Sandogàtt e la Dama, in sicuro pericolo di morte,
gorgheggiavano l’ultimo duetto - perché, a farle corte,
il nemico era armato di lame e crudeli forchette da dessert.
Allora alle feroci orde mongoliche
Gilbert diede il segnale dell’attacco;
con spaventosa esplosione pirotecnica
i Cinesi sciamarono all’attracco.
Abbandonati remi, le giunche e le sampane,
chiusero i boccaporti sulla ciurma inane»

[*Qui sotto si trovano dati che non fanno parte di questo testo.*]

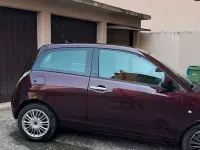 Usata Lancia Ypsilon 60 CV (44 kW) 2010 Viola Utilitaria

«Il suo modo di fare è vago e riservato,
tutti lo credono timido e un po’ imbambolato,
ma se sta acciambellato vicino al caminetto
ecco che la sua voce vi arriva dal tetto,
mentre se veramente passeggia sul tetto
ecco invece dormicchia vicino al caminetto
(o perlomeno tutti potranno giurare
di aver sentito qualcuno bofonchiare),
cosa che rappresenta la la prova inconfutabile
dei suoi poteri di mago inarrivabile»
Ciò che rende questi testi godibili e ricchi di humor è il fatto che riescano a unire una vena narrativa vivida, che sembra appartenere all’immaginazione, alla consapevolezza - sia di chi conosce i gatti, ma anche di chi li conosce di riflesso tramite la letteratura - che invece siamo di fronte a storie vere di gatti che realmente ancora oggi abitano nelle nostre case e che sfoggiano i medesimi comportamenti e le medesime adorabili detestabili manie. La mia frequentazione di letture gattesche mi mostra, ogni volta, che tutti gli stereotipi che normalmente associamo a questo animale si confermino senza eccezione...

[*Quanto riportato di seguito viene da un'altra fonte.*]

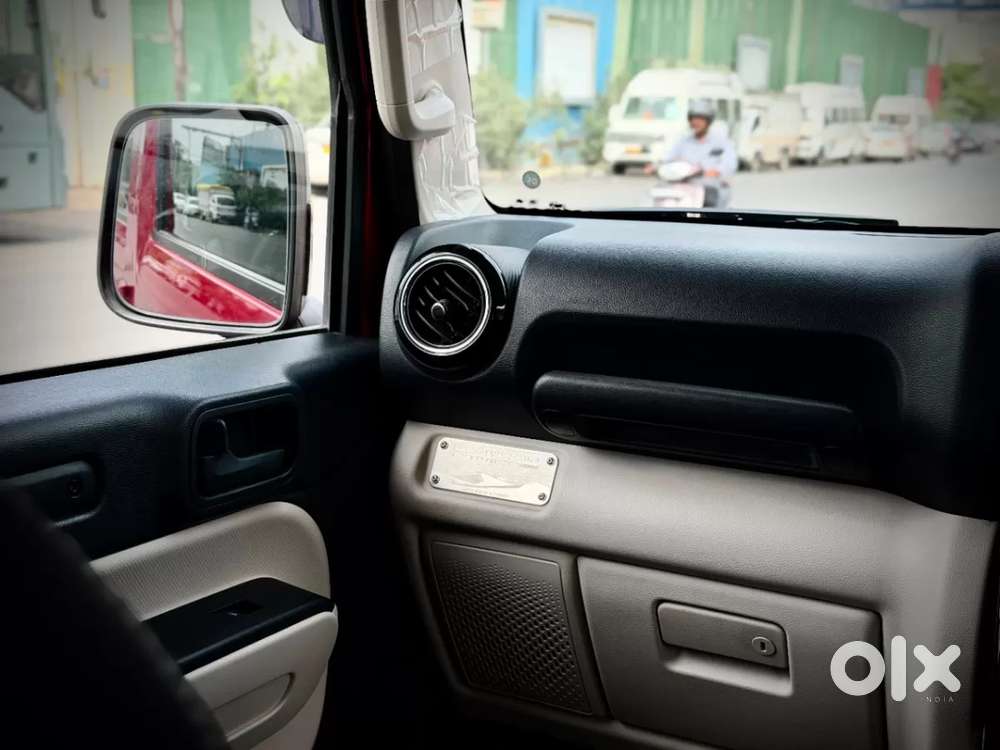 Mahindra Thar Roxx, 2025, Petrol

Guasconi e sbruffoni, prepotenti e gradassi… ma come non amarli?
I testi poetici sono presenti, nell’edizione Bompiani, in doppia lingua, perché se la traduzione di Roberto Sanesi è perfetta, tuttavia sarebbe proprio un peccato perdersi la trama linguistica originale di Eliot.
Inoltre, ciò che arricchisce questa edizione - che vi consiglio, rispetto a quella più recente - sono i disegni di Edward Gorey che trovano una consonanza eccezionale con il tono e l’ironia dell’autore statunitense.
Abituati ai toni lugubri e macabri tipici di Gorey, fa sorridere scorgere tra queste pagine i volti sornioni dei gatti, soprattutto nel confronto serrato che i protagonisti felini hanno con la rappresentazione degli umani che mantengono invece un paludato e cupo atteggiamento, testimonianza palese di come la presenza felina sfugga anche alle regole della penna dell’artista statunitense.
Questa scelta stilistica di Gorey è, secondo me, un elemento che arricchisce in modo unico questa edizione e la rende davvero stupenda (non dimenticate che gli stessi sorrisi li trovate in Gattegoria…)
Una raccolta poetica ricca di parole, immagini e storie da leggere a bambini, ragazzi e adulti.